GENERAL THORACIC SURGERY |
Supported by the Evelyn Glick Fund for Thoracic Surgery.
Received for publication May 9, 1995 Accepted for publication Aug. 30, 1995. Address for reprints: Richard Heitmiller, MD, The Johns Hopkins Hospital, 600 N. Wolfe St., Osler 624, Baltimore, MD 21287-5674.
Abstract
Since 1987 we have observed a predominance of adenocarcinoma in patients undergoing esophagectomy because of carcinoma at our institution. To discover whether this observation represented an actual change in the prevalence of adenocarcinoma, the Johns Hopkins Hospital pathology records were reviewed for the years 1959 to 1994. Overall, esophageal squamous cell carcinoma was the most common histologic type with 817 cases identified versus 284 cases of adenocarcinoma.

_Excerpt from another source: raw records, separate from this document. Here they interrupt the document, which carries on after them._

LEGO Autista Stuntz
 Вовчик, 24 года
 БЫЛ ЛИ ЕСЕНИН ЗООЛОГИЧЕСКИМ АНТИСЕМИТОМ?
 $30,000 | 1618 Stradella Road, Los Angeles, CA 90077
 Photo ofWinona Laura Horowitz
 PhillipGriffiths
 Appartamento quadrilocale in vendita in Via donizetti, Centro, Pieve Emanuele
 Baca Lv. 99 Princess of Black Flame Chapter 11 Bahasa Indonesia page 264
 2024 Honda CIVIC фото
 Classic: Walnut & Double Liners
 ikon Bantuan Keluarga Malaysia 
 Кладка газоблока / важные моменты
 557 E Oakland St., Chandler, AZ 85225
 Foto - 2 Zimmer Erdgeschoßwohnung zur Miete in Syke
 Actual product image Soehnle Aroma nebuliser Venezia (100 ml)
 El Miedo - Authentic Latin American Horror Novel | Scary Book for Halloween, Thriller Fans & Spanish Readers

The number of patients with squamous cell carcinoma rose slowly from 1959 to 1992 but since 1992 has decreased. Whereas adenocarcinoma was uncommon before 1978, its frequency has since increased markedly, exceeding that of squamous cell carcinoma in 1994. The number of patients with adenocarcinoma who underwent surgical resection has equaled or exceeded the number of those treated nonoperatively for all recorded years. Therefore the predominance of adenocarcinoma in patients undergoing esophageal resection for carcinoma appears to result from two factors: an overall increase in the prevalence of adenocarcinoma since 1978 and an increased likelihood of resection for patients with these tumors. (J THORACCARDIOVASCSURG1996;112:130-6)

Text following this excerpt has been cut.